Actually there's quite a few reasons impacting NVidia's pre-Turing asynchronous compute performance, the cache issue you're talking about is specifically for asynchronous integer and floating point pipelines. Later Maxwell had basic async compute support because it supported a graphics queue alongside compute queues, but it didn't have dynamic resource allocation which was a major hit to attempting to use DX12 Asynchronous compute capabilities. Pascal fixed this and added dynamic load balancing between all the queues, but the scheduler was still pretty weak and couldn't handle individual thread scheduling and used a per-warp scheduling system rather than per-thread and of course didn't allow concurrent execution of integer and floating point pipelines while as you mentioned required the results of memory address calculations to be stored in a different cache to the one used for addressing which required a transfer, which incurred further penalty, while Volta's scheduler and execution fixed many of these problems. While AMD already had multiple dedicated Asynchronous Compute Engine blocks on their cards from GCN's start which were essentially graphics command controllers for compute pipelines and already did per thread scheduling as if it were a CPU in a way, so most of these issues never really existed, they only added concurrent FP+INT execution with Vega or PS4Pro.
Sometimes concurrent FP+INT calculations is referred to as asynchronous compute but this is a very different thing to the DX12 concept of asynchronous compute and when used in games INT+FP concurrency is referred to as Rapid Packed Math by AMD, though the former does impact performance of some implementations of the latter.

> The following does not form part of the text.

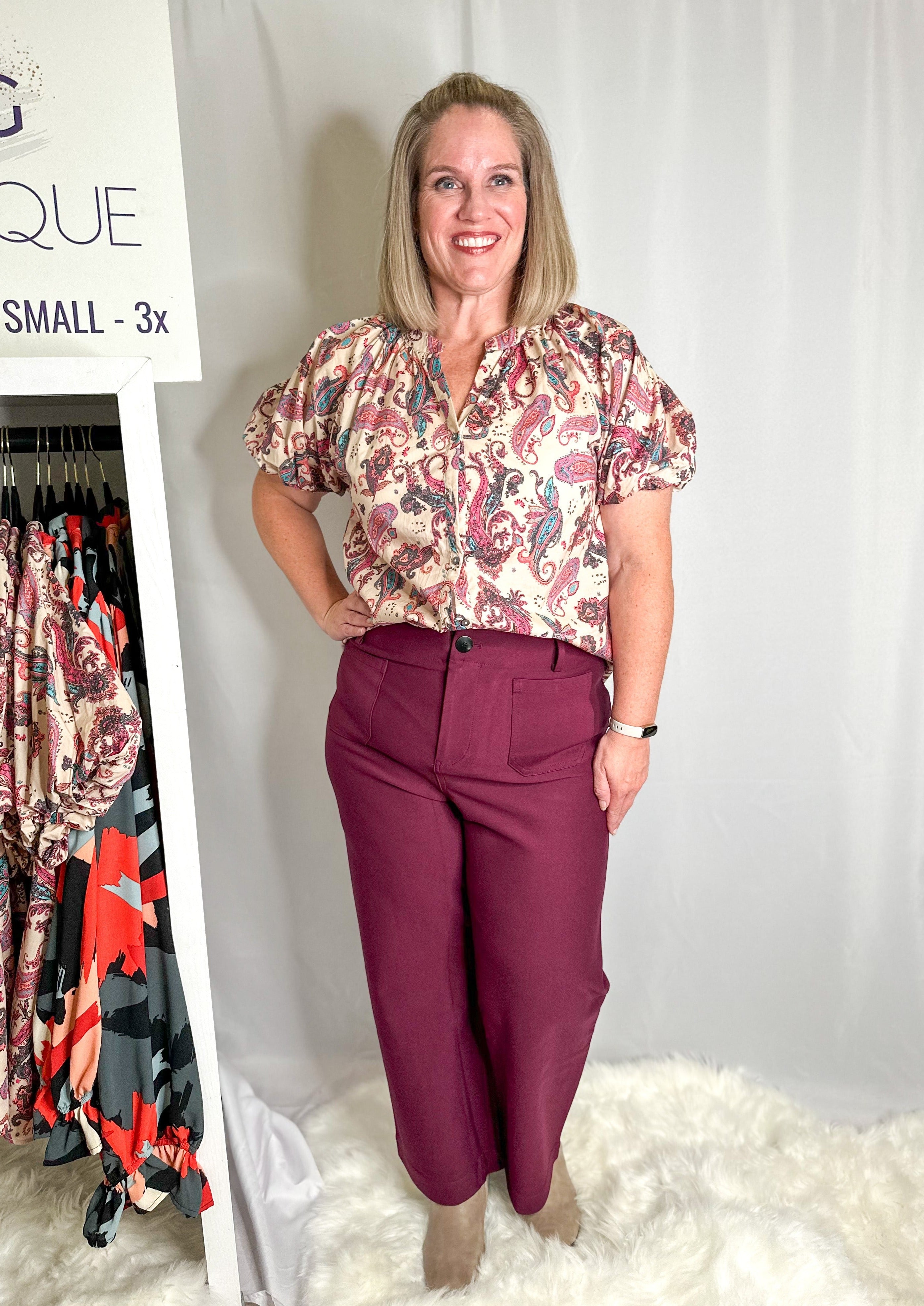 Front of the wine colored cropped pants showing 2 front square pockets, belt loops, and black button.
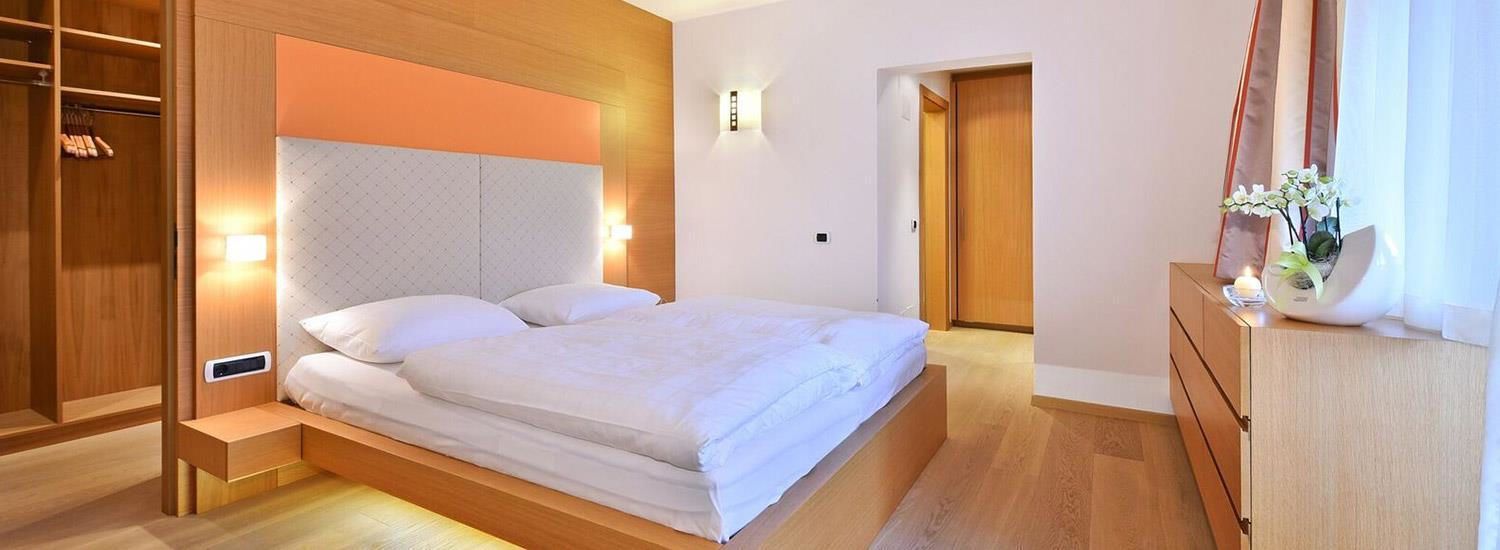 Un dormitorio moderno con cama, armario de madera y mesita de noche con planta.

Games using DX12 should have separate pipelines and code paths for different architectures to properly make use of the API, in fact some in the industry if you don't have the resources for that then a developer should just stick with DX11, if a game runs badly on an architecture it's possible the developers just didn't bother to implement a well optimised path for it or it's going to a fallback layer, or there's only one codepath and that's a modified version of an existing one from the consoles ones and is best suited to similar architectures.
There's no benefit to removing abstraction if you're not going to make use of the extra ability to fine tune to the hardware basically, and if you remove that abstraction and then try to run code create for a different arch then it's obviously going to run into issues, the key technological benefit of abstraction is hardware agnosticism which is one reason(Besides the abstraction itself) why DX11 is so much easier to work with, a single piece of code in theory should work mostly the same way across different architectures.